I'd recommend that if possible, try to put more air into the seized tire. That way it'll have less contact area with the ground/pavement. Thus, less friction thus, easier to drag.

Just a thought. Good luck. I hope you communicated A LOT of info to the tow truck driver. They like to know what they are dealing with up front. Makes their job easier since they can bring the correct equipment first time around.

artpeck
09-03-2010, 04:14 PM
it turned out one wheel was frozen but a few taps on the rim (thanks for the suggestion) and it was turning. Brakes master cylinder replaced and brakes bleed it is ready for pickup tomorrow. Driver knows the whole routine but this should be an easy one. Couple of photos attached for anyone interested.

I Leak Oil
09-03-2010, 05:35 PM
If by flat bed, you mean tow-truck style flat bed, you don't need to worry about anything at all.

The winch on that style of truck is strong enough to rip your rovers rusted chassis in half because of the completely flat tires and seized brakes.

There, fixed it for ya....:D

Artpeck, the truck "looks" good despite the plastic grill and dash...

Terrys
09-03-2010, 06:45 PM
Your correction raises a very basic rover question......so I'm really glad you raised it.
you correct me on the size of the drive shaft bolts. I'm new to this and have yet to have a good grasp on what tools I'll need. I recently studied a rover belonging to a friend, who has used his 2a to plow a very tough driveway and for other farm chores, He has kept it going for years and when I asked him the drive shaft size, he indicated he had very few specialized tools and managed fine...... and then he noted that he had used a 9/16". I climbed under the truck and confirmed it seemed to fit well (there was a little play but I might not have noticed if I hadn't been attentive).
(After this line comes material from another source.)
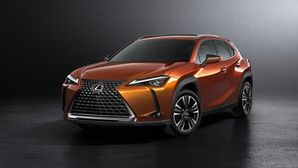 2018 Geneva Motor Show: Lexus UX Crossover Revealed — Specifications, Features & Images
How specialized are the sizes and tools?
thanks.
It isn't so much a 'rover question', just generally accepted practice. Bolt sizes are determined by their shank diameter X thread (SAE and BS are either fine or coarse, and metric by the thread pitch)
The same size bolt can have different head and nut wrench sizes. There are "Heavy" headed bolts which are generally one size up from standard head sizes. There are many Whitworth bolts and nuts on theese trucks too, like the six nuts that hold the Ebrake drum, as an example. Whitworth wrenches aren't easily found (Proto and Snap-ON still sell them) if an SAE wrenches seems to fit, but loose, try using a six point instead of a 12 point box (or socket) so you don't just end up rounding out the flats.

LR Max
09-04-2010, 10:06 AM
I must say, that rover is in better condition that I originally thought. Normally you find old rovers tucked back in the woods with doors half hanging off, deer living in them, etc.

This one actually seems like a good candidate.

artpeck
09-04-2010, 10:40 AM
One owner from new. Interior is actually spotless. 31k documented miles. Obviously there will always be surprises but so far so good.